Nothing but text lines should be duplicated: start with the first line of the listing below and stop after the line holding "Abrahamitiska religionerna –", omitting pictures.
───── Data below
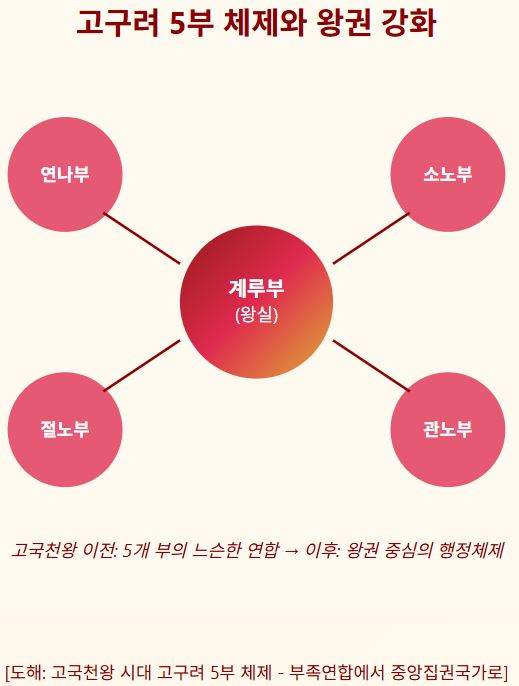 [Historiak bizirik dirau - Goguryeo atala] 5. Atala: Gogukcheon erregearen erreformak - erregetza eta estatu-sistema indartzea
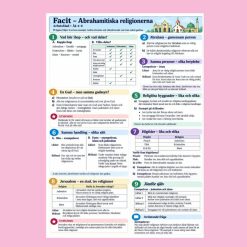 Abrahamitiska religionerna – jämför judendom, kristendom och islam | Åk 4–6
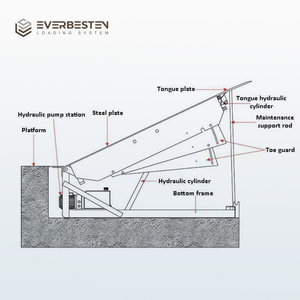 Everbesten Hydraulische Voertuig Gemonteerde Dock Leveler 10T 8ton 12ton 5ton 4 Voet Handmatige Werkstand +/-300Mm Logistieke Apparatuur - Product Image 2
──────────
### The completed task
 [Historiak bizirik dirau - Goguryeo atala] 5. Atala: Gogukcheon erregearen erreformak - erregetza eta estatu-sistema indartzea
 Abrahamitiska religionerna – jämför judendom, kristendom och islam | Åk 4–6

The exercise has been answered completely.